> **Required work**: Skip the images. Copy the records exactly as written.

────────────────────

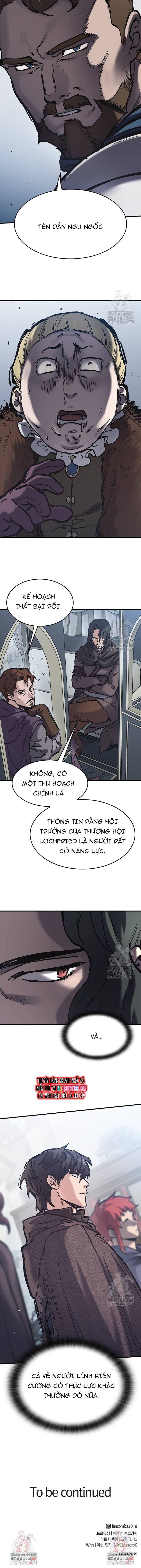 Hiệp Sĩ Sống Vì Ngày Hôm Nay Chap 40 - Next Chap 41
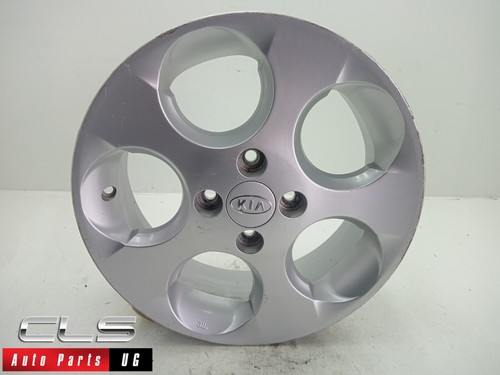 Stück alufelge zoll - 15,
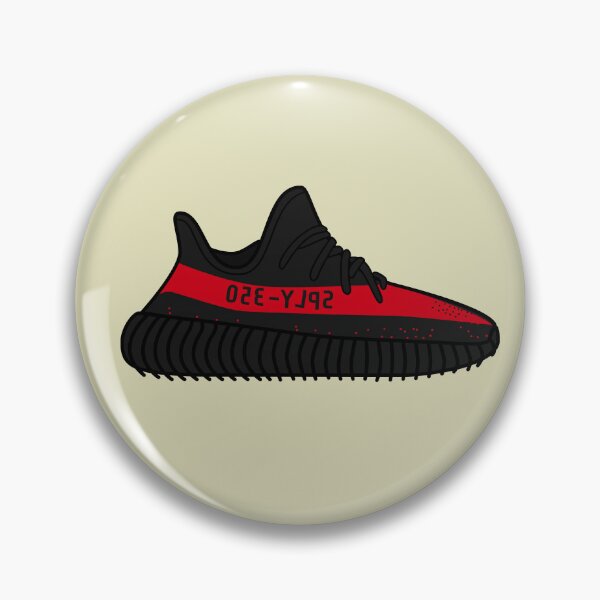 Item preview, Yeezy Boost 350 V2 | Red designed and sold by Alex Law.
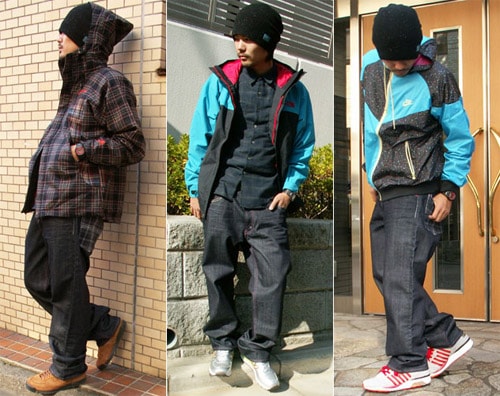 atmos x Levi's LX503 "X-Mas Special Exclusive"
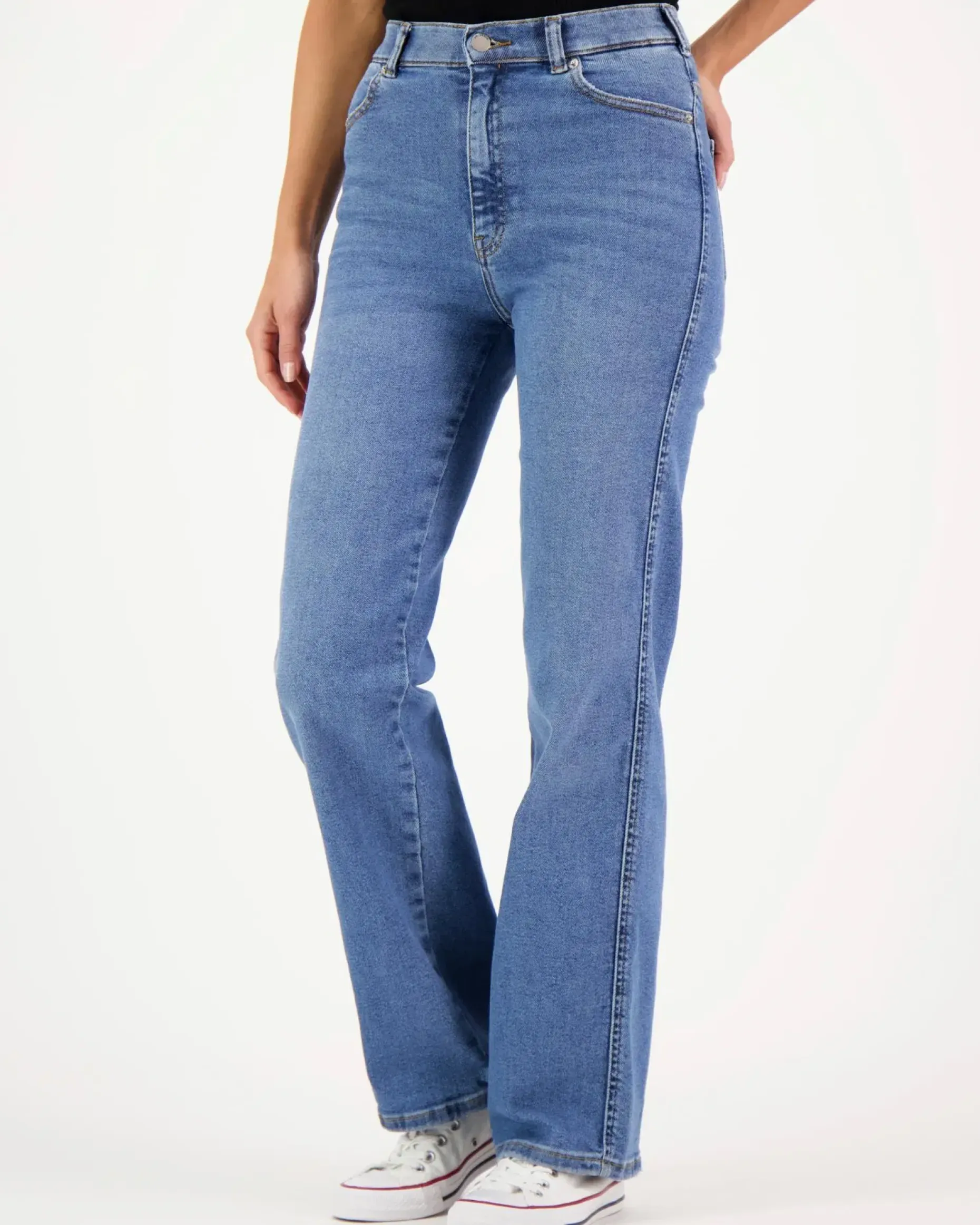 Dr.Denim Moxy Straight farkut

────────────────────

> **Task response**:
 Hiệp Sĩ Sống Vì Ngày Hôm Nay Chap 40 - Next Chap 41
 Stück alufelge zoll - 15,
 Item preview, Yeezy Boost 350 V2 | Red designed and sold by Alex Law.
 atmos x Levi's LX503 "X-Mas Special Exclusive"
 Dr.Denim Moxy Straight farkut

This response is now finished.